Example of mapping XML elements to entities for the purpose of groundtruth building
Configurations for training an entity tagger
With a given groundtruth it is possible to start the training process in the
NER Trainer screen (see Fig. 3) by selecting the groundtruth and a pre-trained language model. Different models (English, French, German, Spanish, Multilingual) published on the
Hugging Face hub (Wolf et al., 2020) can be selected in NTEE out of the box. After training, the resulting entity tagger is ready to be applied to multiple TEI files for entity prediction. Finally, a manual assessment of the prediction results and the identification of the entities may be carried out in the
Postprocessing screen (see Fig. 4 and 5).
Display and edit recognized entities in the Postprocessing screen
Named Entity Recognition (NER)
The neural networks used in NTEE are based on so-called
Bidirectional Encoder Representations from Transformers (BERTs) (Devlin et al., 2019). This is currently one of the most widespread network architecture used to train language models that solve tasks like NER in the field of Natural Language Processing. Classically, a BERT is first pre-trained with large amounts of unlabeled text to obtain a robust language model and then fine-tuned to a downstream task like NER. In our paper (Zöllner et al., 2021), we have extensively investigated various pre-training and fine-tuning techniques to train such a BERT model as optimally as possible for entity enrichment in Digital Scholarly Editions. In NTEE, we have taken care to ensure that the provided models are usable even with limited computational resources.

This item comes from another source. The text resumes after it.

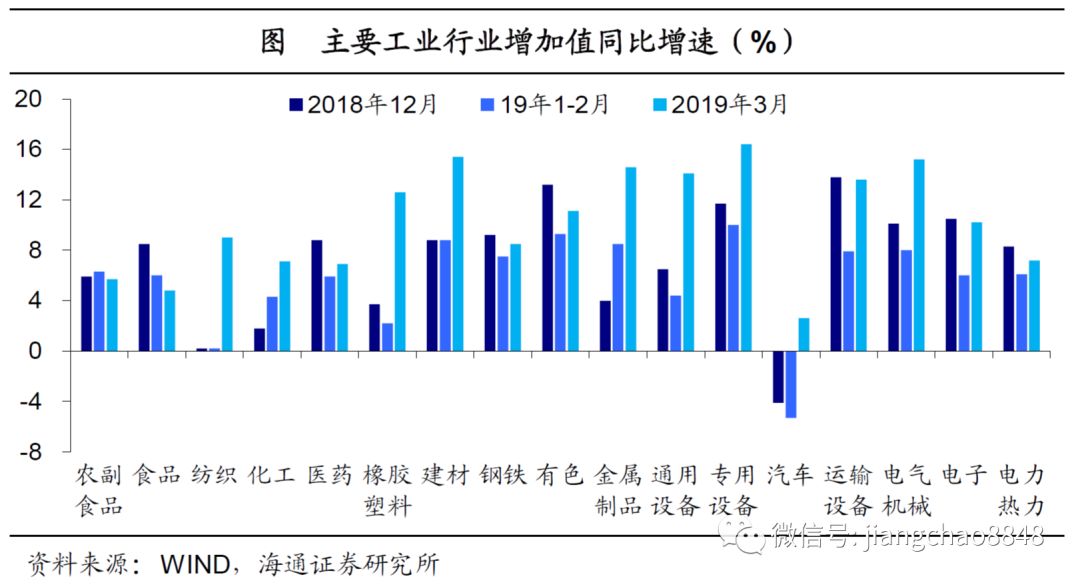 19年一季度经济数据_消费引领经济企稳 19年1季度经济数据点评 海通宏观姜超 于博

Named Entity Linking (NEL)
The procedure of identifying recognized entities is called
Named Entity Linking due to the fact that it is done by providing a Uniform Resource Identifier (URI). For this, NTEE supports the users by delivering identification suggestions based on the entity element string using queries to a local Entity Library or the Wikidata Knowledge Graph (Bayer, 2013).

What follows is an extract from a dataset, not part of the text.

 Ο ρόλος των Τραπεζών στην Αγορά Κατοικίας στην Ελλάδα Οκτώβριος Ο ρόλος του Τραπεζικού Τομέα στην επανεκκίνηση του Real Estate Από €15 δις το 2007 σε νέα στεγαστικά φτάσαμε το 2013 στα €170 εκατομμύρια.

The latter delivers an ontology with which it is possible to accelerate the identification process: By using Semantic Web technology the set of potential candidates is narrowed.

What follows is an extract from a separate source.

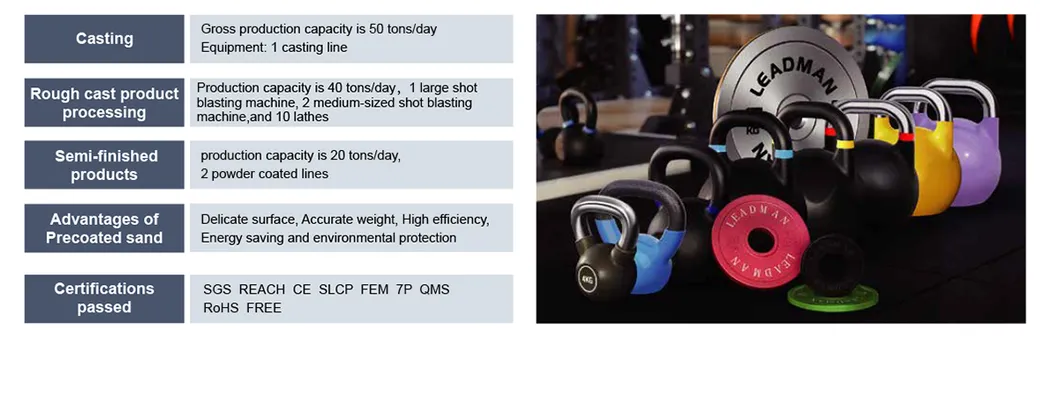 Kettlebell Set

The former is a JSON file, in which entities can be saved locally. On the one hand, this also accelerates the identification process due to the omission of a web query to the Wikidata Knowledge Graph in these cases. On the other hand, this enables the user to apply edition-specific knowledge in the NEL process such as unusual nicknames of persons or entities at all that are not stored in the Wikidata database.
Identity suggestions for an entity in the Postprocessing screen
This work was funded by the European Social Fund (ESF) and the Ministry of Education, Science, and Culture of Mecklenburg-Western Pomerania (Germany) within the project NEISS (Neural Extraction of Information, Structure, and Symmetry in Images) under grant no ESF/14-BM-A55-0006/19.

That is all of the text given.